Gordon Mathews, Chinese University of Hong Kong
Eviction in Shenzhen (2018-present) is a long-term ethnographic series of experimental documentary films, which follow the planned demolition of my fathers ancestral village of Hubei in Shenzhen, China, as the government (Communist Party of China – CPC) initiates a major redevelopment plan to take its place. The proposed project includes an impressive 830m tall skyscraper, which will become the tallest building in the world, and will be accompanied with a modern shopping centre, restaurants, plus a small portion of Hubei Old Village preserved as a living museum and film location for hire. The films mark the eviction of the current tenants of the village who, as low-income workers, have to leave behind the cafes, food vendors, small businesses, residential homes and communities which they cultivated over a period of 10 – 20 years. Eviction in Shenzhen (2018-present) filmed over the course of this redevelopment period, will document these changes by recording the sociological make-up and ancient architecture of the village that is soon to disappear.
Historical Context
The new redevelopment will become one of China’s most prized architectural accomplishments, a visual spectacle, which pays homage to the economic miracle that is Shenzhen, as the city which led China to its new position as a global economical and technological power. If measured by economical and industrial standards, it is a city which is unarguably the most successful and most rapidly transformed in the world. Within four decades, the small peasant fishing village metamorphosed into a leading global manufacturer, producer and exporter of goods, providing electronics, toys, machinery, furniture and plastics to countries across the world. This transformation is a direct outcome of the economic reforms cultivated by former paramount leader, Deng Xiaoping. Deng knew that economic growth was intrinsically linked with global trade and cultivating relationships with foreign governments was essential to China’s growth, so in 1978, he sent a number of Chinese delegates around the world to learn how other countries were managing their own economic models. By 1979 they presented to the CPC the concept of the Special Economic Zone (SEZ); a free trade zone with loose regulations, special tax incentives and simple custom procedures with minimal intervention from central government. Based upon the Shannon Free Trade Zone in Ireland, the SEZ model rolled out to 4 strategically based cities in China. Shenzhen was its third, thus beginning the opening up of China to the rest of the world in 1986, as a global import/export trader.
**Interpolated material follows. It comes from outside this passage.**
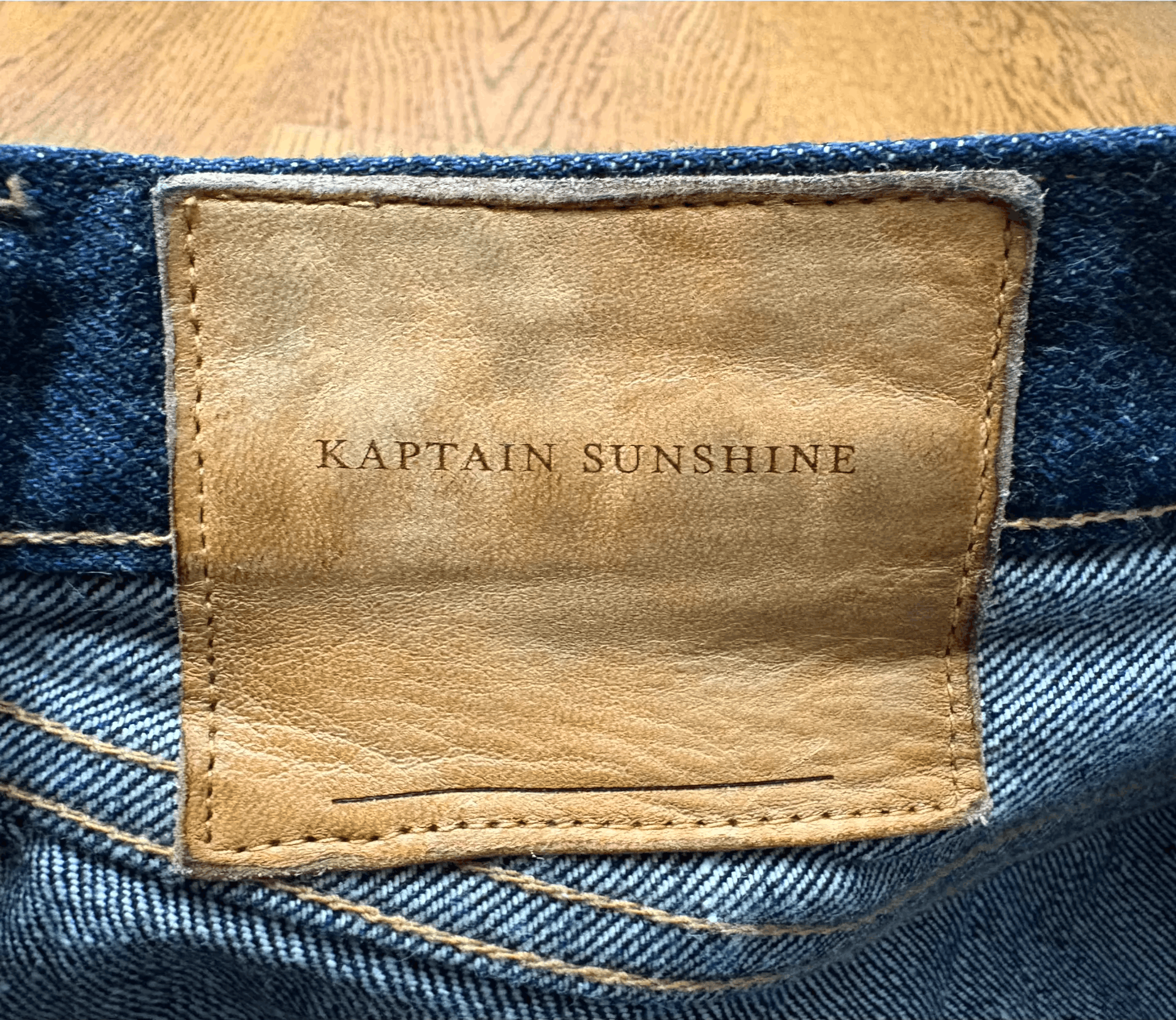 Kaptain Sunshine KAPTAIN SUNSHINE 25FW Washed Straight Indigo 34 Jean Size US 34 / EU 50 - 2 Thumbnail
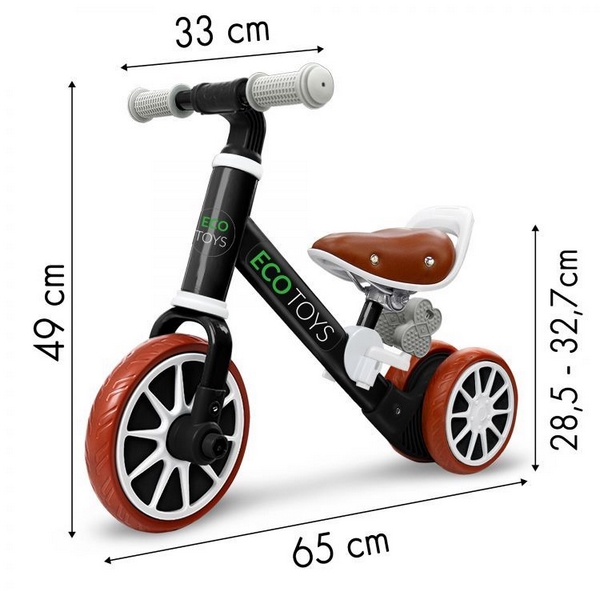 Bicicleta fara pedale Ecotoys LC-V1307 negru - 1 | YEO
At this point, Hong Kong’s manufacturing industries were already being challenged by skyrocketing land prices, a shortage of labour and the competition from nearby industrializing countries.
With the Open Policy of China, Hong Kong capitalists started to invest on the mainland. In the early 1980s, local industries began to move north in order to enjoy cheaper land and labour, and for language and cultural reasons, Hong Kong capitalists concentrated their operations in the Pearl River Delta, with Shenzhen and Dongguan being the favourite localities. Between 1979 and 2005, 64.7 % of Guangdong Province’s foreign investment came from Hong Kong. This led to the beginning of China opening up to the rest of the world in 1986, as a global import/export trader.
At this point, Hong Kong’s manufacturing industries were already being challenged by skyrocketing land prices, a shortage of labour and the competition from nearby industrializing countries.
With the Open Policy of China, Hong Kong capitalists started to invest on the mainland. In the early 1980s, local industries began to move north in order to enjoy cheaper land and labour, and for language and cultural reasons, Hong Kong capitalists concentrated their operations in the Pearl River Delta, with Shenzhen and Dongguan being the favourite localities. Between 1979 and 2005, 64.7 % of Guangdong Province’s foreign investment came from Hong Kong. This led to the beginning of China opening up to the rest of the world in 1986, as a global import/export trader.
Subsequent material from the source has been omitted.